A Houston-based electric power generator plans to upgrade two coal-fired power plants in southwestern Pennsylvania to remove 207,000 tons of annual sulfur dioxide emissions from the atmosphere.

Reliant Energy, which operates 21 power plants in Pennsylvania, Maryland and New Jersey, plans to install new scrubbers in its Cheswick Generating Station in Springdale and the Keystone Generating Station, which it partially owns, in Indiana County.

The company also will upgrade scrubbers this year at the Elrama plant in Washington County and a power plant it owns in Niles, Ohio.

The new emission control systems, known as "wet flue gas desulfurization systems," will reduce sulfur dioxide by 98 percent of total emissions at Cheswick and Keystone.

They also will cut emissions of nitrogen oxide, or NOX, particulates and mercury, but the size of those reductions has yet to be determined. The company said it's investigating other technologies to reduce smokestack pollution.

Ed Feith, the company's environmental director, said the company will invest $350 million on environmental upgrades at Cheswick and Keystone that will create 1,100 construction jobs. The scrubbers will go into operation in 2009. The new technology will help Reliant Electric comply with federal clean air regulations that take effect in 2010.

"This is part of a strategy for complying with future requirements involving sulfur dioxide, mercury and nitrogen oxide," Mr. Feith said. "It's not mandated by any regulations to add a scrubber, but we're doing that to capture the economic benefits.

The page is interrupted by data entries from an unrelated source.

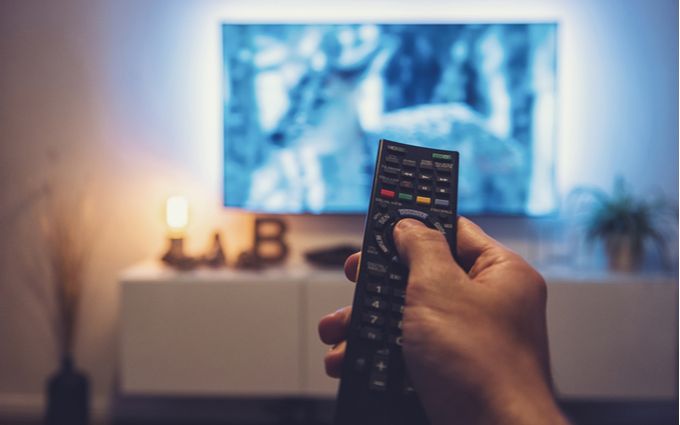 テレビ画面に向けてリモコンのボタンを押している手のアップ画像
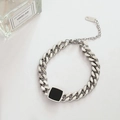 Detailed view of silver Cuban chain bracelet featuring a black enamel square charm - Cuban Black Tag Bracelet (T134) / Steel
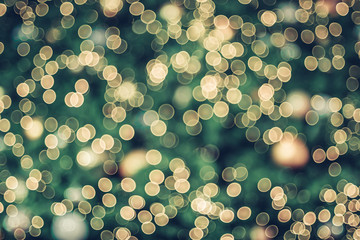 Abstract blur decoration ball and light string on christmas tree with bokeh light background.winter holiday seasonal - obrazy, fototapety, plakaty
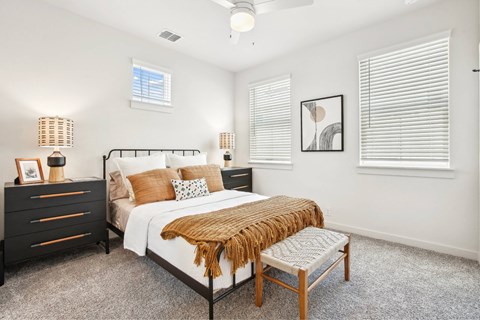 A bedroom with a bed, nightstand, and a chair.
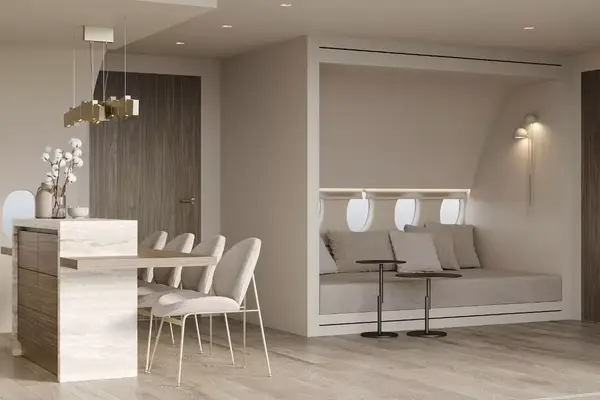 Interior kitchenette space with a dining bench inside a luxury outfitted Boeing 737 villa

"The requirements become more stringent in 2010, so we'll be in compliance," he said.

The plants in question are older ones. Cheswick, which produces 580 megawatts of electric power, went into service in 1970. Keystone, which Reliant owns with six other entities, came online in 1968 and produces 1,700 megawatts.

Elrama was commissioned in the 1950s and produces 465 megawatts, while the Niles plant, which opened in 1954, produces 208 megawatts.

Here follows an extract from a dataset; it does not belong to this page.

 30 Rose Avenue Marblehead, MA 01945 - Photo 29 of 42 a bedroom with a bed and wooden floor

Had the company decided against the upgrades, Mr. Feith said, it would have been forced to buy environmental credits from compliant companies in 2010 to meet federal regulations. But those credits would have been expensive, making the investment in pollution control technology a wise alternative.

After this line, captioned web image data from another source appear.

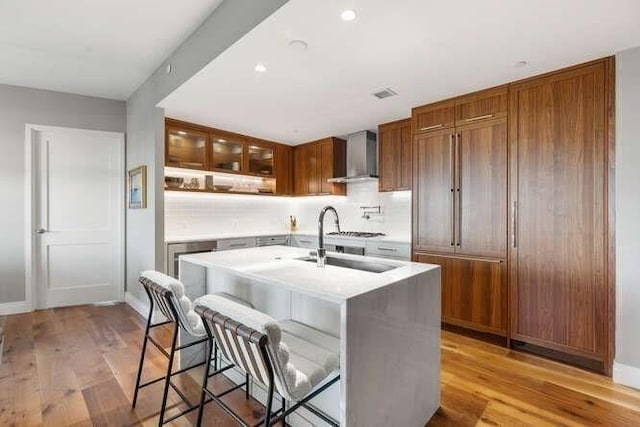 kitchen with light countertops, wall chimney range hood, light wood-style flooring, and a sink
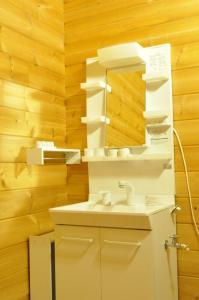 富良野Log Cottage be with nature的浴室设有白色水槽和镜子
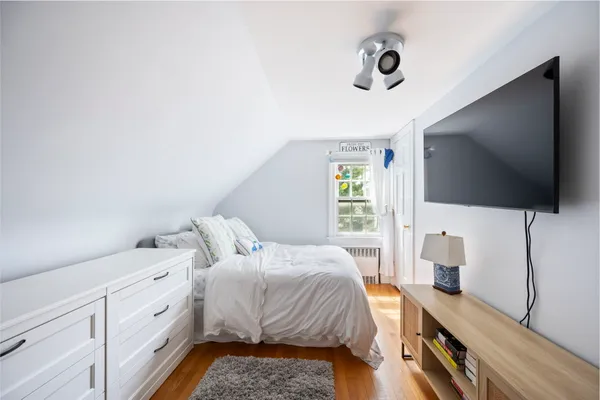 a spacious bedroom with a bed and a flat screen tv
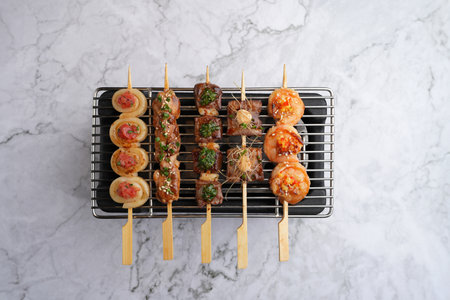 Yakitori and kushiyaki skewered meat. Traditional Japanese kebab on grill.の写真素材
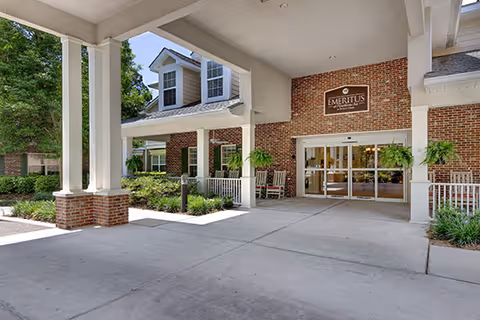 Covered entryway and portico of a brick senior-living building with white columns, hanging ferns, rocking chairs, and sliding glass doors.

"This will be good for the environment, good for us and good for the communities we're in," Mr. Feith said.

Charles McPhedran, senior attorney with Citizens for Pennsylvania's Future, agreed that the company's action "is a good thing." He said it proves that stricter environmental regulations work to reduce acid rain caused by sulfur dioxide emissions, create jobs and improve the economy.

In past years, local power plants found it cheaper to buy environmental credits from compliant companies rather than reduce emissions. That policy, he said, left Pennsylvania with some of the worst air pollution problems in the nation.

"I'm encouraged by this action, but will it have enough of an effect?" Mr. McPhedran said. "Maybe we'll finally see those acid rain levels nudge downward."